** Task statement **
Reproduce only the lines from the one containing "Latrobe, PA Striking" through the end of the data, exactly as they stand.

■ ■ ■ ■ ■

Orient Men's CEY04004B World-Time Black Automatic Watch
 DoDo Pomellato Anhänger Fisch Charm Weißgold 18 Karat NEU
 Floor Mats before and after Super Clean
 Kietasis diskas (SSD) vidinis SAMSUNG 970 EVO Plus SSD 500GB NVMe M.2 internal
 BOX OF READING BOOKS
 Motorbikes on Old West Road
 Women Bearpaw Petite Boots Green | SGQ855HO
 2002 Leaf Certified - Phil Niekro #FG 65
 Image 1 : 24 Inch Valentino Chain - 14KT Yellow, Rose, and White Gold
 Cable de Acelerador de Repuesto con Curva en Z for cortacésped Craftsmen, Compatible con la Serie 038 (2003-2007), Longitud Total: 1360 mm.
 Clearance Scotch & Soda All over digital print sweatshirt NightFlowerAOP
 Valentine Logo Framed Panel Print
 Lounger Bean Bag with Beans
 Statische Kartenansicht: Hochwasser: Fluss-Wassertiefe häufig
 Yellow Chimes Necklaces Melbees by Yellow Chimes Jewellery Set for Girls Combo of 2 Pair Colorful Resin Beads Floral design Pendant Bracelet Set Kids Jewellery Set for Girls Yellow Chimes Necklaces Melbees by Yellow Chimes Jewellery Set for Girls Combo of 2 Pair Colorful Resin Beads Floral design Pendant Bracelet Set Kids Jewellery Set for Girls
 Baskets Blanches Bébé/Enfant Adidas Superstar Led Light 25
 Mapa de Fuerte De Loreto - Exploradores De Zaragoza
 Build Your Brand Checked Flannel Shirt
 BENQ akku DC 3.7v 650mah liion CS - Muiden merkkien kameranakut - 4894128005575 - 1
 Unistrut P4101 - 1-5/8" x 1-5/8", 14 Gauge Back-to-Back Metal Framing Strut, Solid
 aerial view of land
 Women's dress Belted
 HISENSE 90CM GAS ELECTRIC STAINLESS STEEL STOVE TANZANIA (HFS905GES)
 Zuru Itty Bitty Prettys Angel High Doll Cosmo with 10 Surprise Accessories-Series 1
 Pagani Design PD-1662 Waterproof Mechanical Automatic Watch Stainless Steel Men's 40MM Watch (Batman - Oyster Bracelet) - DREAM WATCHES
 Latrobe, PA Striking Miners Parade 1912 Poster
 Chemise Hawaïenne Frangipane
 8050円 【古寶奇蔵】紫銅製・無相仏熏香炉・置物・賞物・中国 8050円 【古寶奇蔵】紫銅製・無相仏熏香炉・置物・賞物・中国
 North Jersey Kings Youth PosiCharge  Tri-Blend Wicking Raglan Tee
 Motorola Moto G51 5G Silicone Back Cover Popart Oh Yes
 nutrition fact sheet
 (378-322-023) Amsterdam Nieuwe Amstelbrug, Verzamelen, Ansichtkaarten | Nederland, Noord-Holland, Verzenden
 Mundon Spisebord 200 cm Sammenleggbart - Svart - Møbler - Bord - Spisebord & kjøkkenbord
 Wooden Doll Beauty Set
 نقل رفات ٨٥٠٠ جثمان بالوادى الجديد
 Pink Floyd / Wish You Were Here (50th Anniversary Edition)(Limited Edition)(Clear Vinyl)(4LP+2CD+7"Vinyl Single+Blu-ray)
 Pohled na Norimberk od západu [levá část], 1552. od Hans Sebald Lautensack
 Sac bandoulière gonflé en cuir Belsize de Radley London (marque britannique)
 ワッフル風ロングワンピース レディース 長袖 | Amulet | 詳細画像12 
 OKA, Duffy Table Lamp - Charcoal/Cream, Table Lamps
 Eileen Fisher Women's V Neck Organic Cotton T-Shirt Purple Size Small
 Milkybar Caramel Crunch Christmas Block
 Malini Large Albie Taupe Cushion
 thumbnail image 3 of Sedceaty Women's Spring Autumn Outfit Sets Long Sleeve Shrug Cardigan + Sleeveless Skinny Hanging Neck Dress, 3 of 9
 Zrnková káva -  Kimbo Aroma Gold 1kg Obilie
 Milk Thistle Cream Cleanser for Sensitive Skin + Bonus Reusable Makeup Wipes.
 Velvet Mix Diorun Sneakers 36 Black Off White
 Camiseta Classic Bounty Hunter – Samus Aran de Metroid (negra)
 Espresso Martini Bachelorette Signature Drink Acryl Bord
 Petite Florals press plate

■ ■ ■ ■ ■

** Finished exercise **
 Latrobe, PA Striking Miners Parade 1912 Poster
 Chemise Hawaïenne Frangipane
 8050円 【古寶奇蔵】紫銅製・無相仏熏香炉・置物・賞物・中国 8050円 【古寶奇蔵】紫銅製・無相仏熏香炉・置物・賞物・中国
 North Jersey Kings Youth PosiCharge  Tri-Blend Wicking Raglan Tee
 Motorola Moto G51 5G Silicone Back Cover Popart Oh Yes
 nutrition fact sheet
 (378-322-023) Amsterdam Nieuwe Amstelbrug, Verzamelen, Ansichtkaarten | Nederland, Noord-Holland, Verzenden
 Mundon Spisebord 200 cm Sammenleggbart - Svart - Møbler - Bord - Spisebord & kjøkkenbord
 Wooden Doll Beauty Set
 نقل رفات ٨٥٠٠ جثمان بالوادى الجديد
 Pink Floyd / Wish You Were Here (50th Anniversary Edition)(Limited Edition)(Clear Vinyl)(4LP+2CD+7"Vinyl Single+Blu-ray)
 Pohled na Norimberk od západu [levá část], 1552. od Hans Sebald Lautensack
 Sac bandoulière gonflé en cuir Belsize de Radley London (marque britannique)
 ワッフル風ロングワンピース レディース 長袖 | Amulet | 詳細画像12 
 OKA, Duffy Table Lamp - Charcoal/Cream, Table Lamps
 Eileen Fisher Women's V Neck Organic Cotton T-Shirt Purple Size Small
 Milkybar Caramel Crunch Christmas Block
 Malini Large Albie Taupe Cushion
 thumbnail image 3 of Sedceaty Women's Spring Autumn Outfit Sets Long Sleeve Shrug Cardigan + Sleeveless Skinny Hanging Neck Dress, 3 of 9
 Zrnková káva -  Kimbo Aroma Gold 1kg Obilie
 Milk Thistle Cream Cleanser for Sensitive Skin + Bonus Reusable Makeup Wipes.
 Velvet Mix Diorun Sneakers 36 Black Off White
 Camiseta Classic Bounty Hunter – Samus Aran de Metroid (negra)
 Espresso Martini Bachelorette Signature Drink Acryl Bord
 Petite Florals press plate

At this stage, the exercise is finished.